When the Dallas Mavericks traded for Rajon Rondo, one of the pieces that went to the Boston Celtics was Jae Crowder. It was, to be kind, an overlooked aspect of the deal. In retrospect, it’s pretty evident that the Celtics won the trade on Crowder alone.
During his time in Boston, he’s averaged 15.4 points, 6.2 boards and 2.1 dimes per 36 minutes. He’s established himself as one of the top-10 small forwards in the league. Dallas kicked Rondo off the team during the playoffs. So, yeah, it’s safe to say that Boston won that trade. But the question for Crowder is this: How much more can the man who just turned 26 on July 6 grow?
Crowder has an outside shot at the All-Star Game, depending on the success of the Celtics at the time. If they’re looking like they could be a mid-50s win team, he could get in as a reserve. He was 30th in Win shares last year, so it’s not unfeasible. A relative dearth of All-Star frontcourt players in the East could enhance his chances as well.
New teammate Al Horford along with LeBron James, Paul George Paul Millsap and Andre Drummond are probably locks. That leaves three more spots for Jimmy Butler (now a small forward again), Kevin Love, Hassan Whiteside, Carmelo Anthony, Giannis Antetokounmpo (although perhaps he could be counted as a guard?) and Crowder to compete for. And you figure someone is going to get hurt. The coaches always seem to like to fill one position with the “coach’s player” type who does the little things, and Crowder could get that nod.

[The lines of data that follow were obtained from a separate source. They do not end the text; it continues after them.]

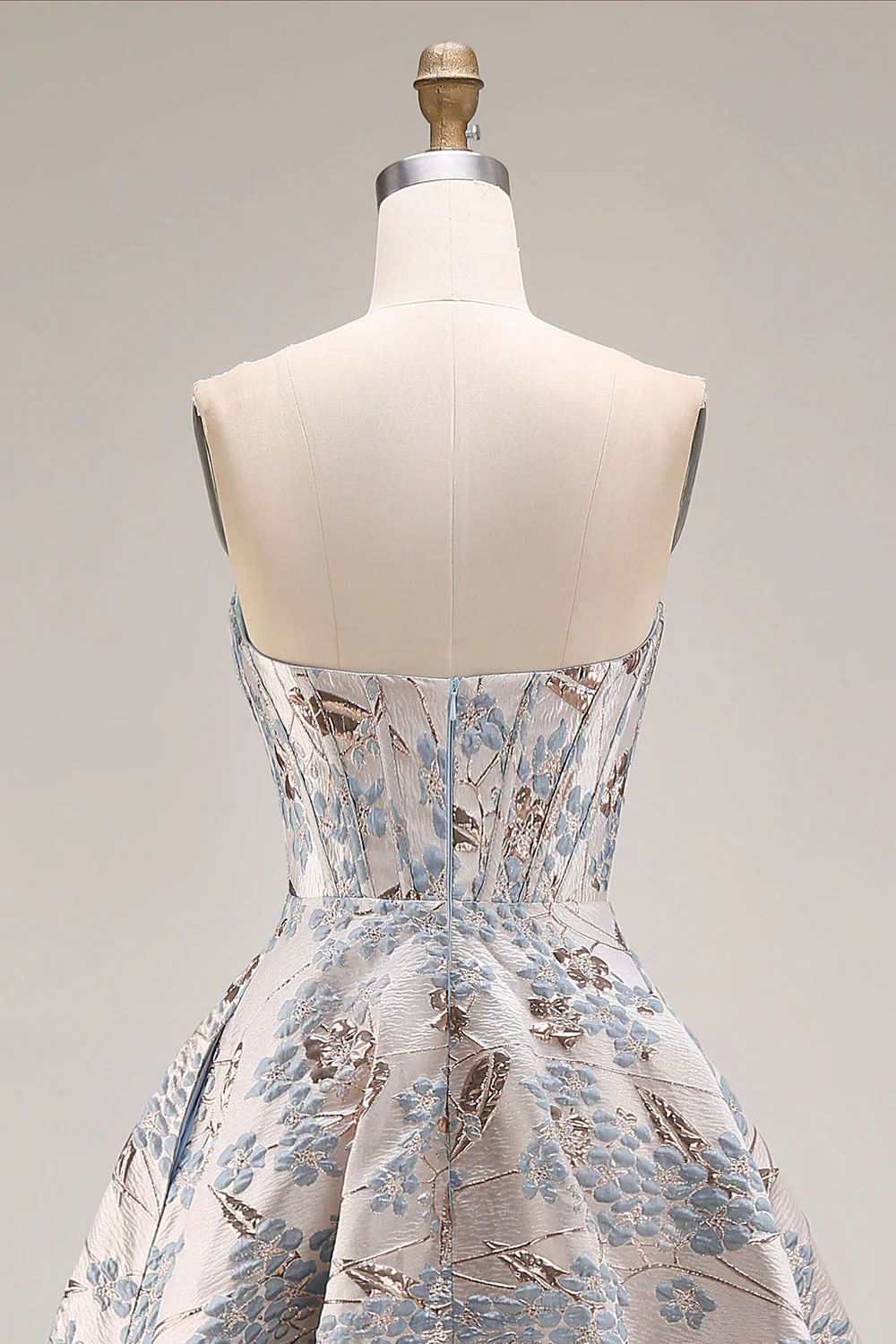 Silver Jacquard Strapless A Line Corset Long Prom Dress with Slit - Image 6
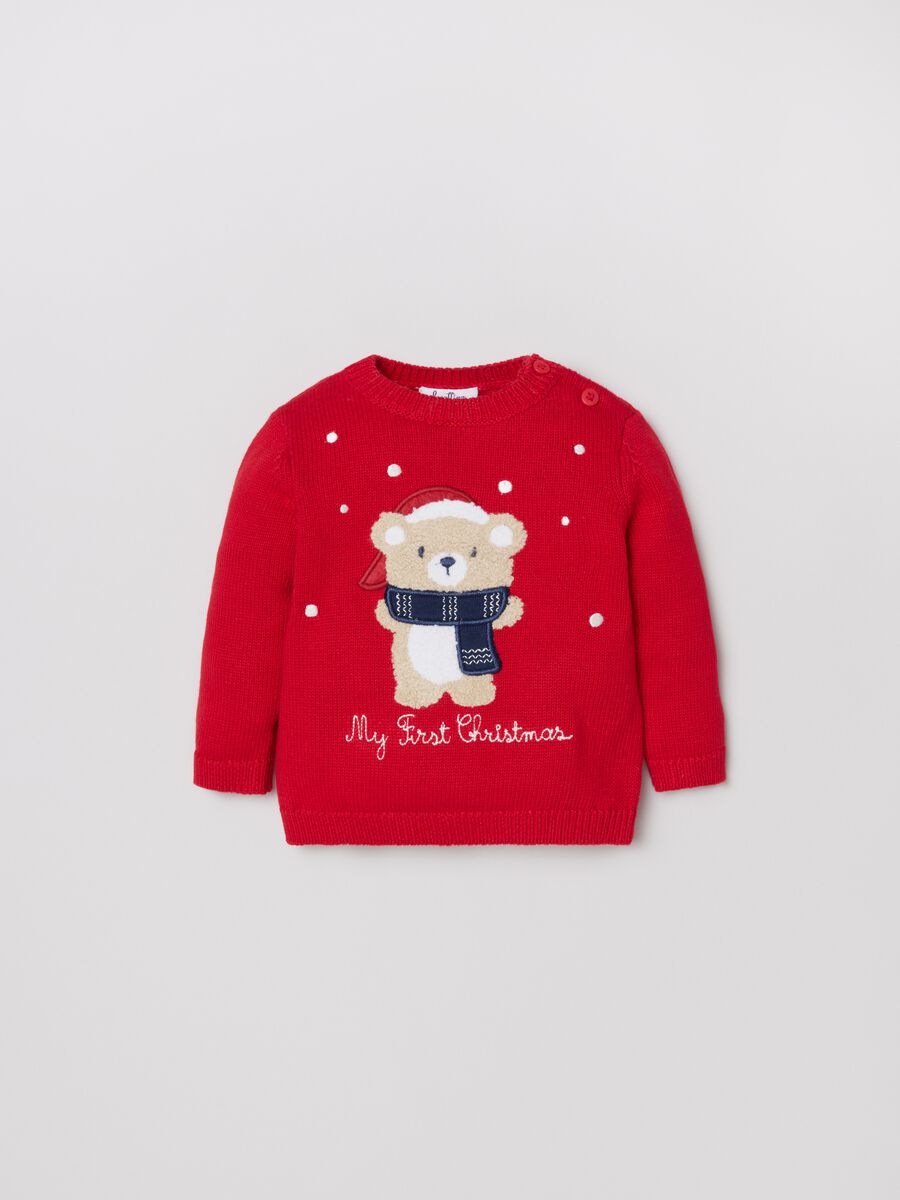 Christmas Jumper con orsetto boucle_0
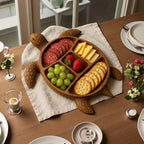 Wooden Turtle Charcuterie Board with Compartments for Snacks & Cheese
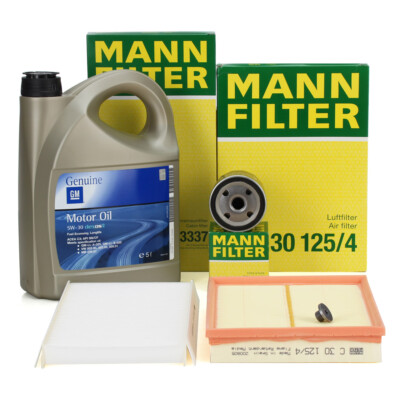 MANN Filterset 5L ORIGINAL 5W30 dexos2 Motoröl für OPEL CORSA C TIGRA B 1.4 1.8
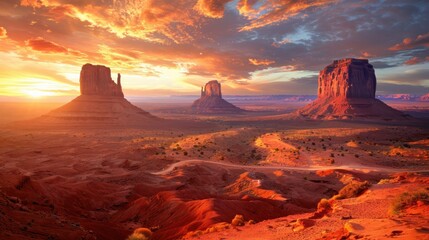 Naklejka premium monument valley usa colorful sunrise or sunset with dramatic clouds desert landscape of navajo nation park in utah and arizona a famous travel destination for it s red rock formations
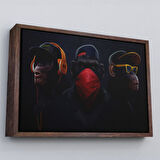 Beyaz Çerçeveli Üç Maymun Tablosu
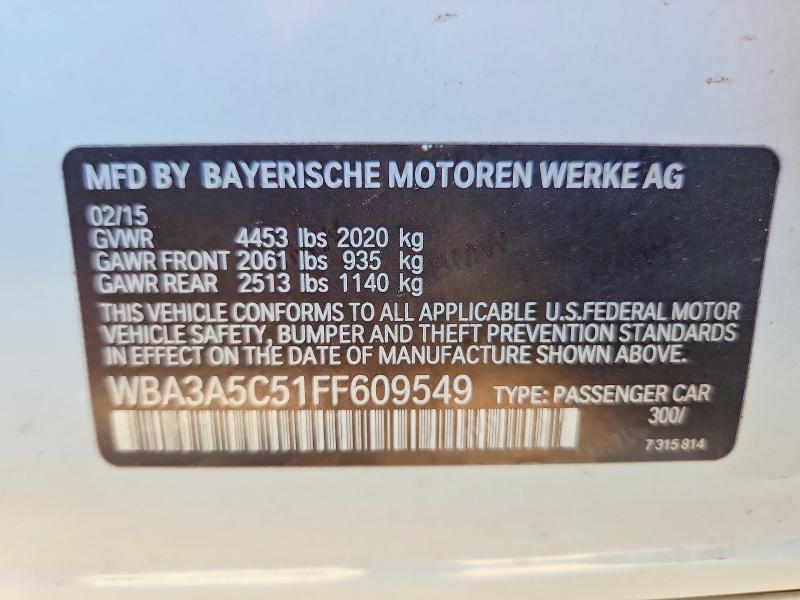 2015 Bmw 328 მანქანა იყიდება აუქციონზე, vin: WBA3A5C51FF609549, აუქციონის ნომერი: 51310716
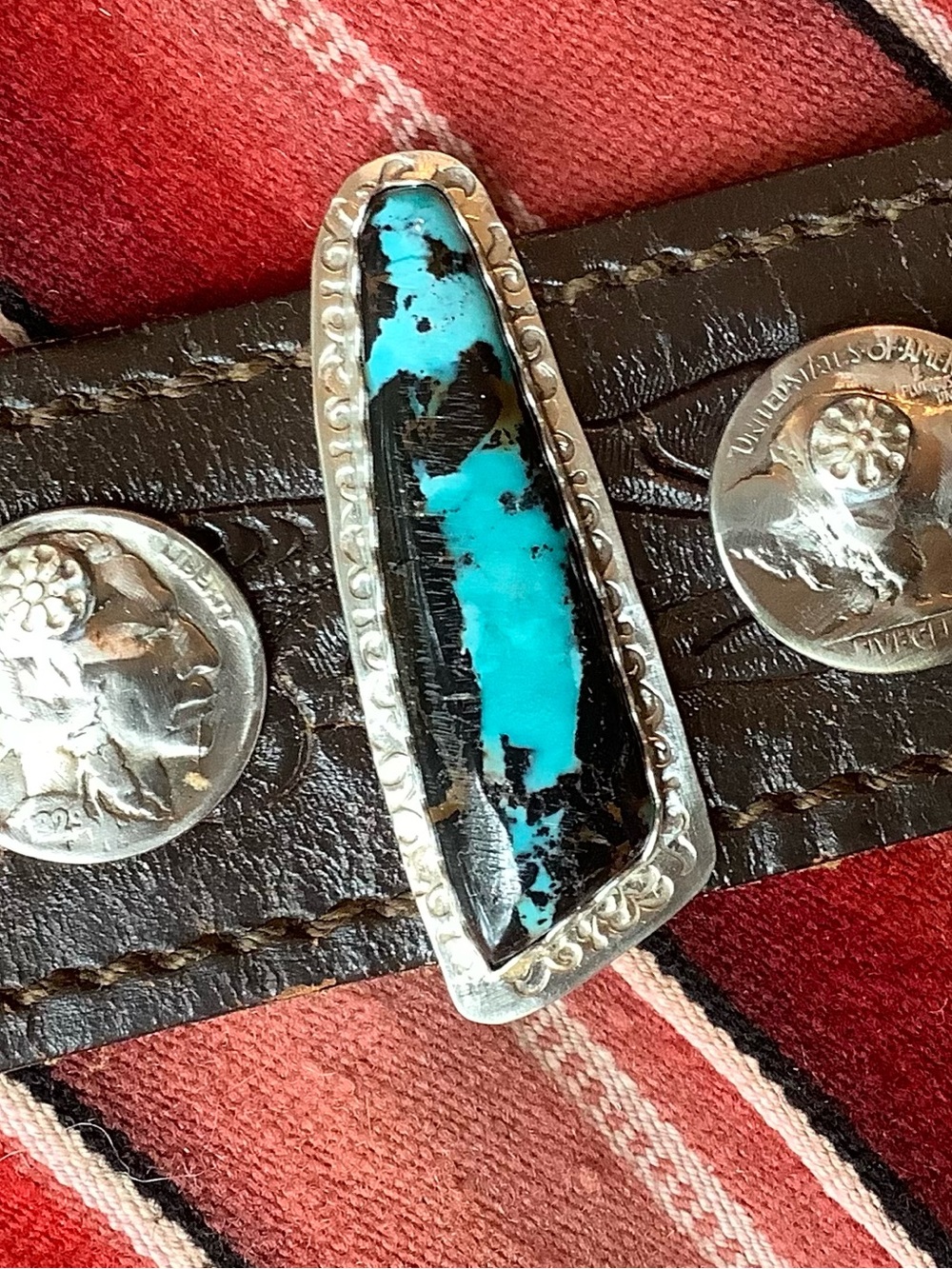 Turquoise/sterling/ nickels cuff, up to 6 3/4” wrist - Picture 4 of 10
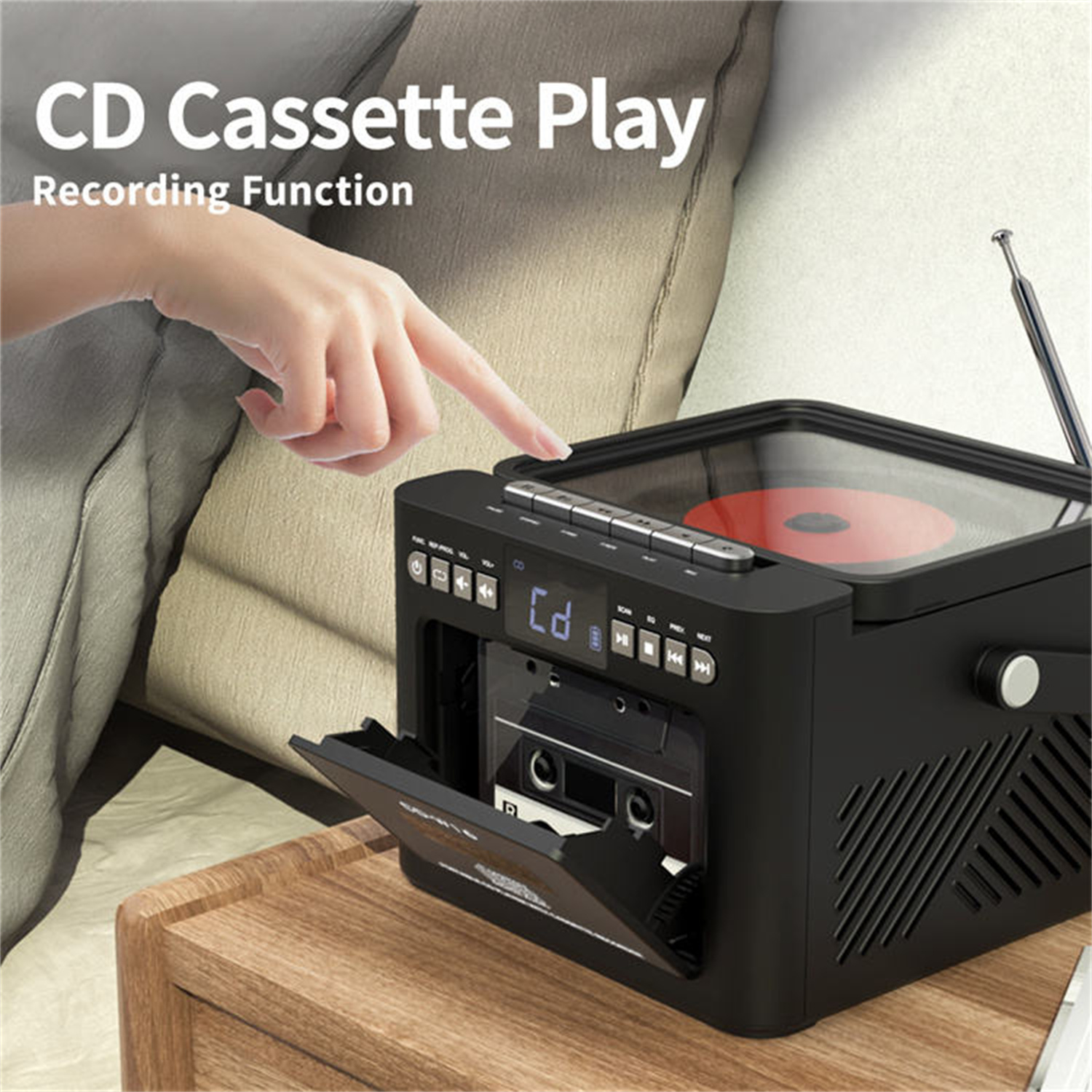 Jazmm CD Cassette Boombox 5000mAh Rechargeable with Bluetooth photo 6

The Celtics have a good team, but by virtue of their abundance of draft picks they’ve accrued, they also have young players worth developing. Among those is No. 3 pick Jaylen Brown, who could take some of Crowder’s minutes. The addition of Horford and maturing of Marcus Smart could take away a few of Crowder’s touches.
Those things combined could cause a small drop in Crowder’s numbers, though, not that much. His usage was already a fairly moderate 18.5 percent last year, according to Basketball-Reference.com. It’s not like the offense is running through him anyway. More likely is his 56.5 true shooting percentage goes up a bit.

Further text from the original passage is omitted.